*Problem statement*
Transcribe the data that follows without changing a word, and omit the pictures.

### Information provided

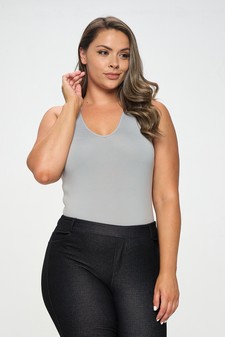 Reversible V-Neck Basic Tank Top Bodysuit style 2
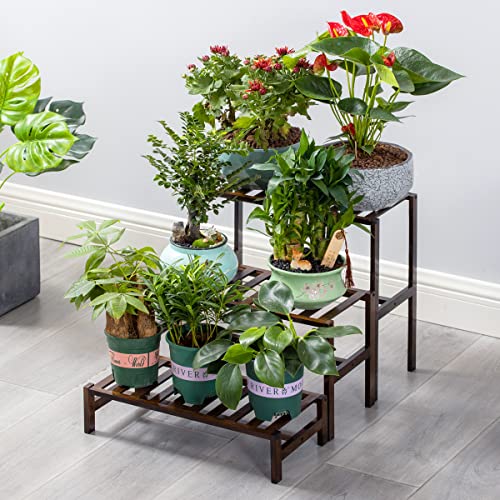 Bamboo 3-Tier Ladder Plant Stand A988195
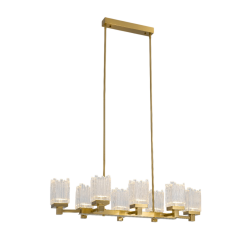 Фото Подвесной светильник MD25020403-8B2 Satin gold, LED/39.8W, 3000K dimmable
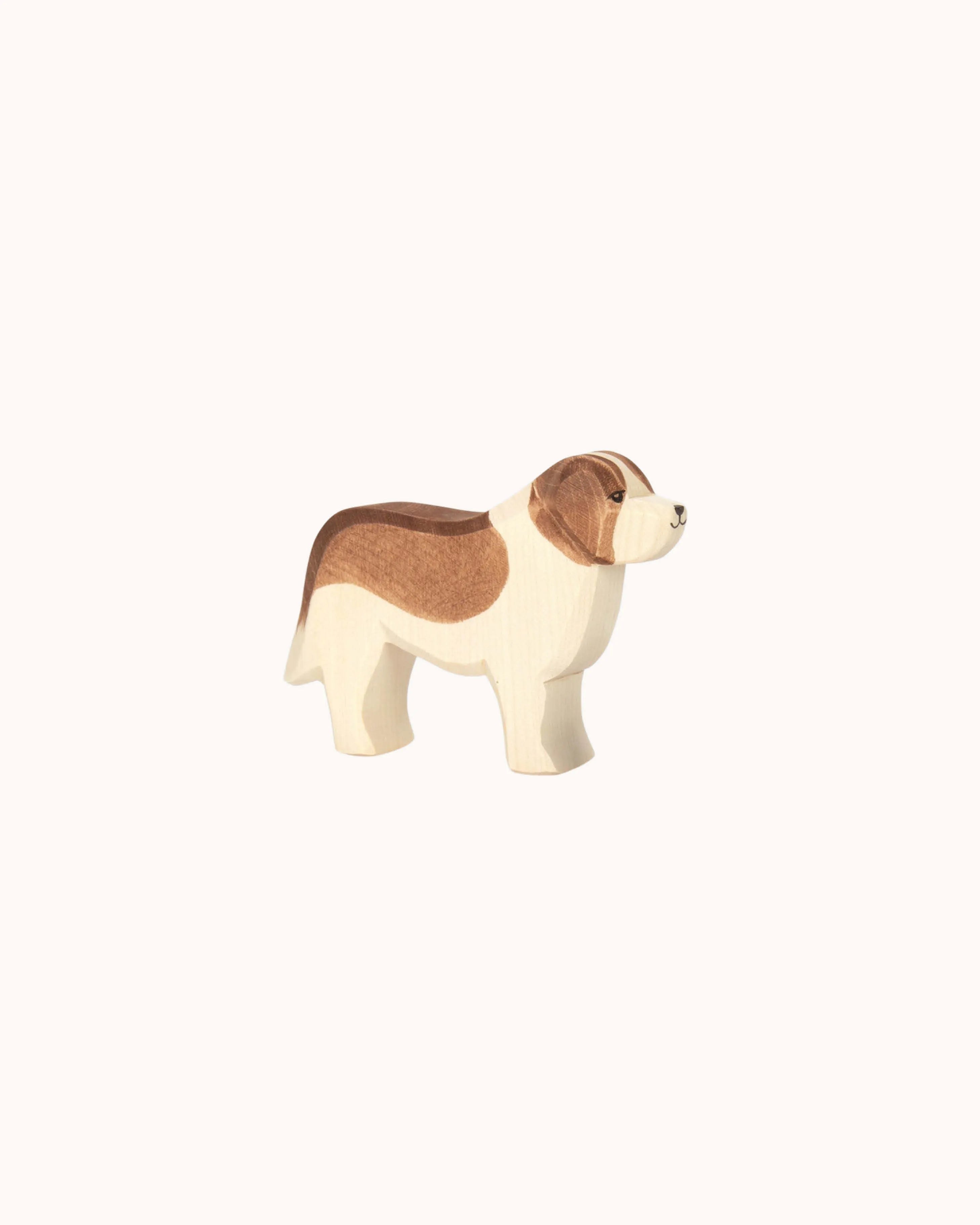 Wooden Figure Saint Bernard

######

*Response*
 Reversible V-Neck Basic Tank Top Bodysuit style 2
 Bamboo 3-Tier Ladder Plant Stand A988195
 Фото Подвесной светильник MD25020403-8B2 Satin gold, LED/39.8W, 3000K dimmable
 Wooden Figure Saint Bernard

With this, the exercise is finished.